##### DATASET CONTENT

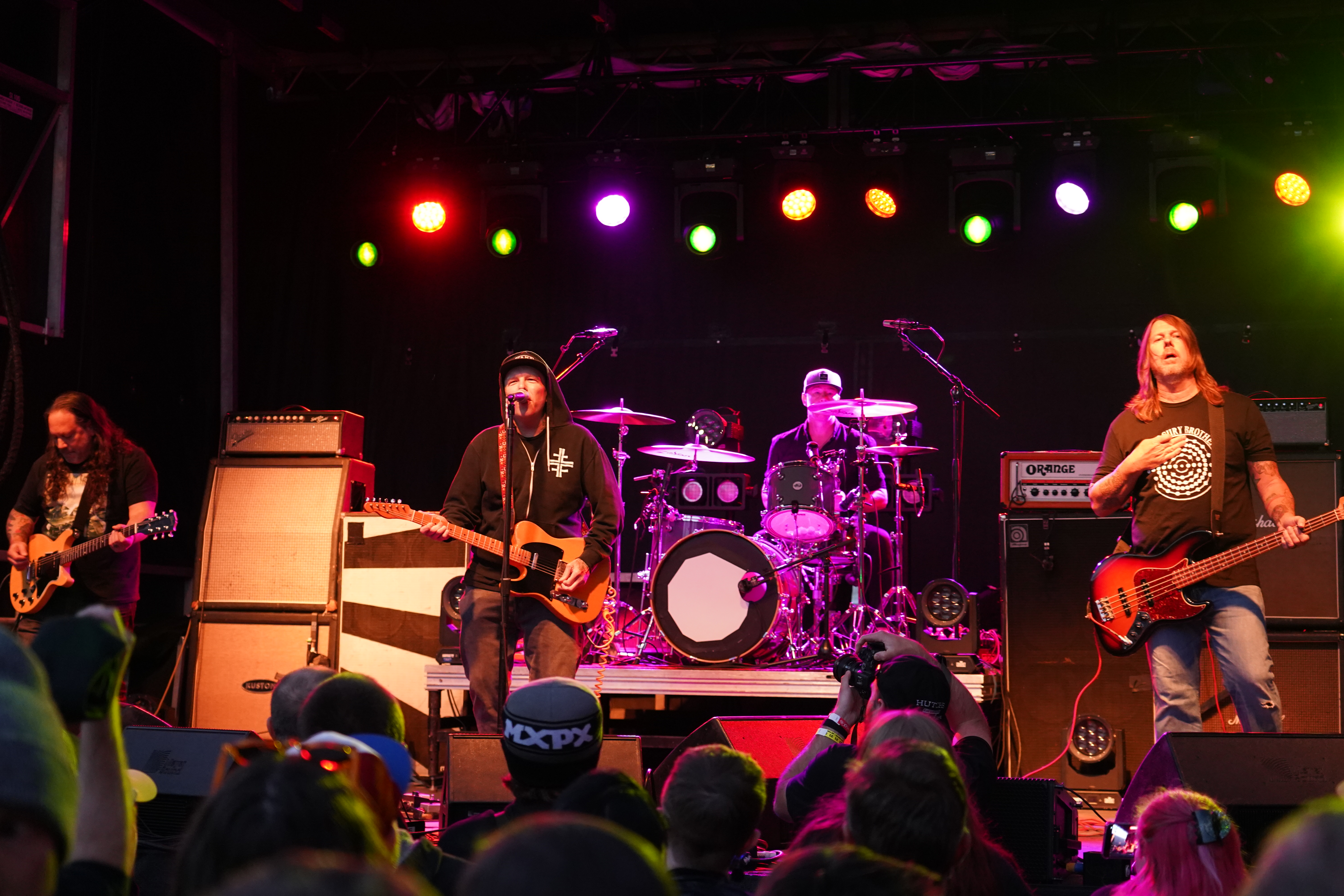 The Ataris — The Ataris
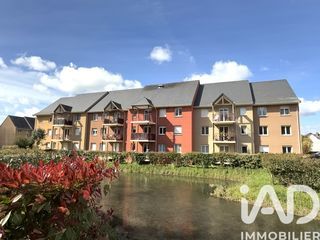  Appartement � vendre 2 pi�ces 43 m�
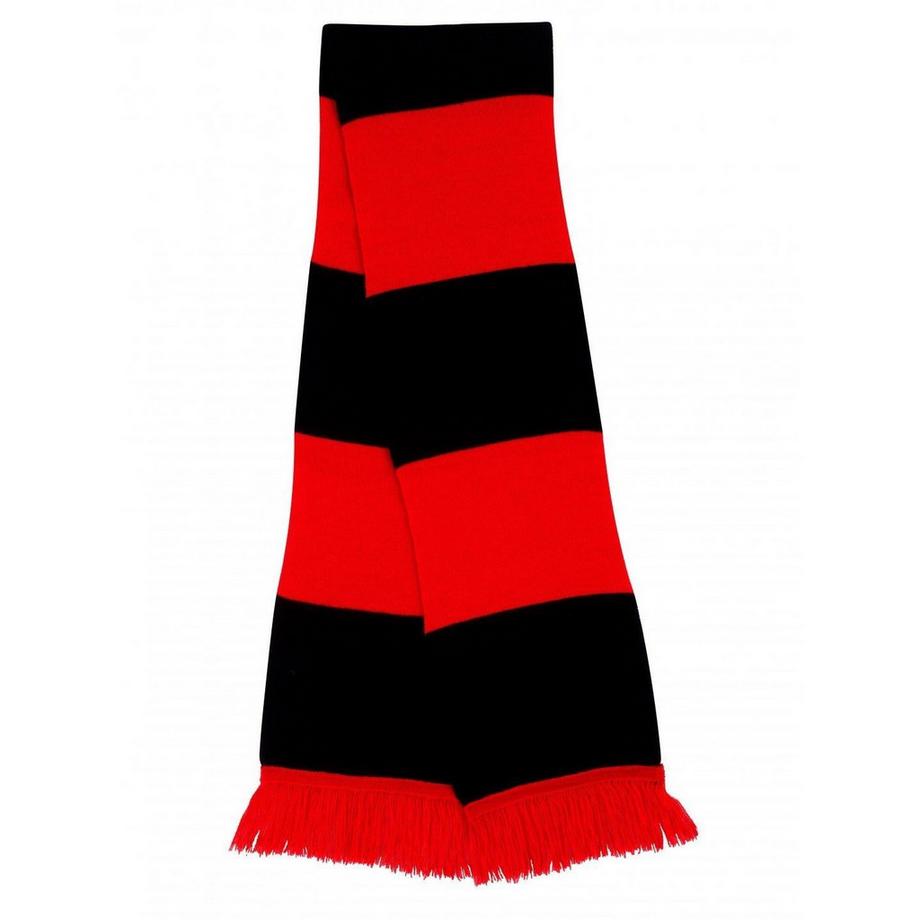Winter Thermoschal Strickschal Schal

##########

* REQUIREMENT *
Copy the preceding data in full and word for word, dropping its pictures.

* TASK SOLUTION *
 The Ataris — The Ataris
  Appartement � vendre 2 pi�ces 43 m�
Winter Thermoschal Strickschal Schal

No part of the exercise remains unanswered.